Ce que l’on ressent tout d’abord, c’est qu’il y a de moins en moins de personnes qui construisent ou rénovent. La crise du bâtiment se fait sentir. Même si ça se calme un peu ces derniers mois, beaucoup d’entreprises du secteur et de l’éco construction ont mis la clef sous la porte.
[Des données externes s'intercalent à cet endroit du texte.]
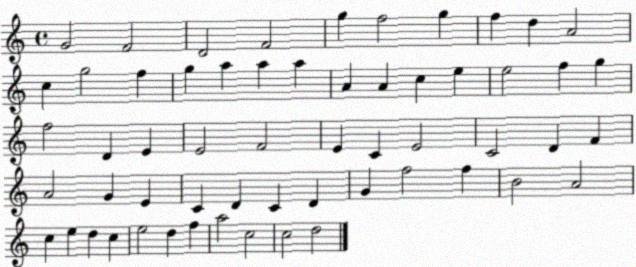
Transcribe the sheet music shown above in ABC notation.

X:1
T:Untitled
M:4/4
L:1/4
K:C
G2 F2 D2 F2 g f2 g f d A2 c g2 f g a a a A A c e e2 f g f2 D E E2 F2 E C E2 C2 D F A2 G E C D C D G f2 f B2 A2 c e d c e2 d f a2 c2 c2 d2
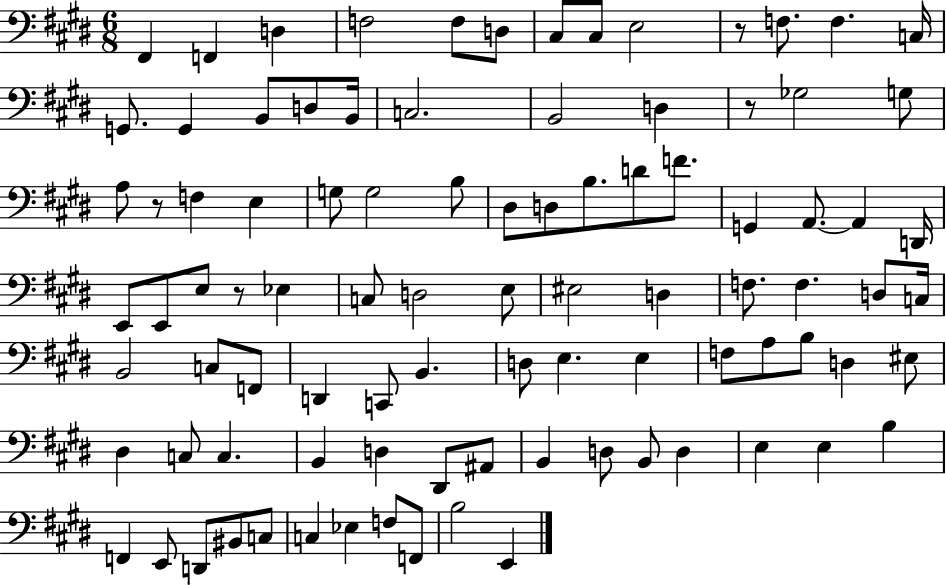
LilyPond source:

{
  \clef bass
  \numericTimeSignature
  \time 6/8
  \key e \major
  \repeat volta 2 { fis,4 f,4 d4 | f2 f8 d8 | cis8 cis8 e2 | r8 f8. f4. c16 | \break g,8. g,4 b,8 d8 b,16 | c2. | b,2 d4 | r8 ges2 g8 | \break a8 r8 f4 e4 | g8 g2 b8 | dis8 d8 b8. d'8 f'8. | g,4 a,8.~~ a,4 d,16 | \break e,8 e,8 e8 r8 ees4 | c8 d2 e8 | eis2 d4 | f8. f4. d8 c16 | \break b,2 c8 f,8 | d,4 c,8 b,4. | d8 e4. e4 | f8 a8 b8 d4 eis8 | \break dis4 c8 c4. | b,4 d4 dis,8 ais,8 | b,4 d8 b,8 d4 | e4 e4 b4 | \break f,4 e,8 d,8 bis,8 c8 | c4 ees4 f8 f,8 | b2 e,4 | } \bar "|."
}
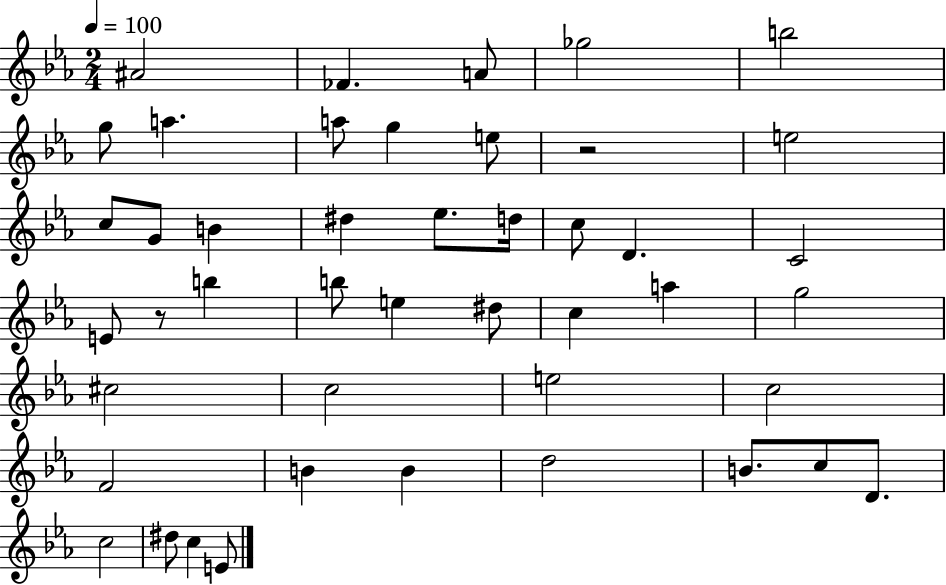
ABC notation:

X:1
T:Untitled
M:2/4
L:1/4
K:Eb
^A2 _F A/2 _g2 b2 g/2 a a/2 g e/2 z2 e2 c/2 G/2 B ^d _e/2 d/4 c/2 D C2 E/2 z/2 b b/2 e ^d/2 c a g2 ^c2 c2 e2 c2 F2 B B d2 B/2 c/2 D/2 c2 ^d/2 c E/2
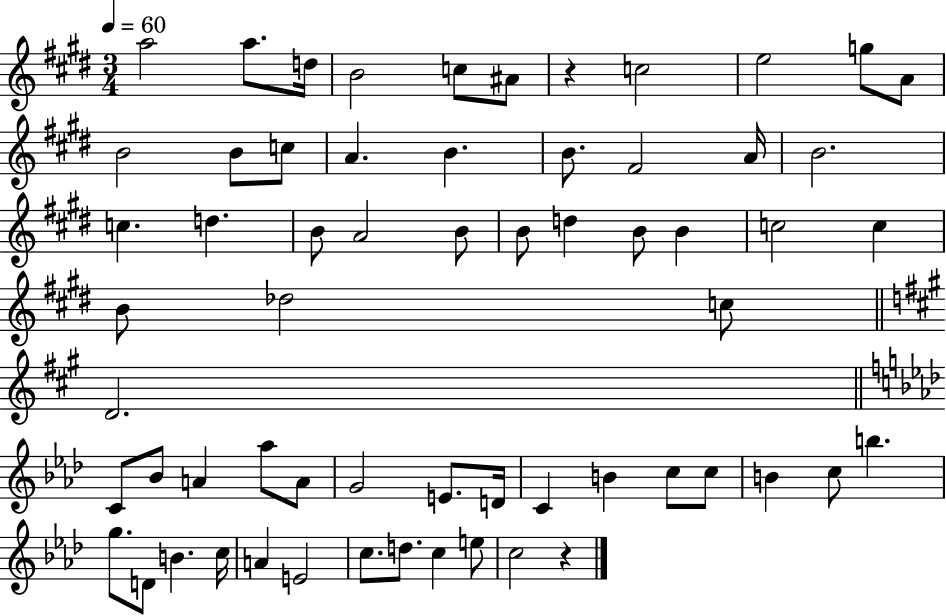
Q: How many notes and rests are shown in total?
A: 62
Ce qu’on note ensuite, c’est l’attention portée aux problématiques climatiques et écologiques. On voit aussi une évolution du lectorat et des gens qui « éco-construisent » : il y avait beaucoup de gens il y a quelques années qui souhaitaient comprendre ce que fait l’artisan et trouver un professionnel. Aujourd’hui, la proportion d’auto constructeurs augmente. On s’intéresse de plus en plus aux techniques qui peuvent s’approprier et qui ne demandent pas un outillage énorme ou un degré de technicité extrêmement important, avec des matériaux simples, comme les bottes de paille, les ossatures bois.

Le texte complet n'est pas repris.